The world only exists where light shines upon it. Should the creature wander more than a few feet from its ball of light, it will simply fall into the void. After learning the ropes of this strange place, the creature ventures into a series of doors, transmogrifying into other characters and solving dozens of light-based challenges.

This is where description becomes tricky. At its most basic level, manipulating light manipulates existence itself. For example, should a wall block your path, all you have to do is darken it and it will cease to be, allowing you to pass through the space it once occupied. Some doors can only be unlocked with keys, but keys don't generate any light, so you'll have to come up with a way to transport the key without letting it (or yourself) fall into blackness.

There are numerous devices to help you do this, ranging from crates and wheels to orb-powered machinery. Some orb receptacles will create more orbs across a level, while others may simply move an orb from one location to another.
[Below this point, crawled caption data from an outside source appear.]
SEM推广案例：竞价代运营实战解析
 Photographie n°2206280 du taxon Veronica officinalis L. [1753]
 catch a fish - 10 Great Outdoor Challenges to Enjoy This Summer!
It sounds simple, but remember that your character must be in the light at all times or it will fall away. This essentially turns an orb into a bridge as it moves along a predetermined path to reveal solid ground. In some cases, an orb moving vertically essentially becomes an elevator, letting you ride the light as it travels up a wall. Again, it's tough to describe but quickly becomes a familiar (and frankly brilliant) mechanic.

Closure slowly introduces other mechanics, including moveable spotlights, switches, translucent surfaces and areas that forbid you from dropping items. Translucent surfaces are particularly interesting, allowing you to create a cloudy platform of light as it passes through a block of ice.

As great as the mechanics are, however, I felt like I'd seen them all about halfway through. To be fair, there were a few surprises late in the game, but at some point many levels felt like variations on a theme. Each level is certainly different from the last, but some left me with a feeling of déjà vu -- another light elevator, another crate-stacking challenge, etc. There are silver moths hidden in some levels, requiring you to solve puzzles in different ways or explore areas you might have overlooked. These little secrets really add some spice to Closure. You'll have to find all 30 moths to see the real ending, so I recommend you search them out when you hear the distinctive twinkling sound.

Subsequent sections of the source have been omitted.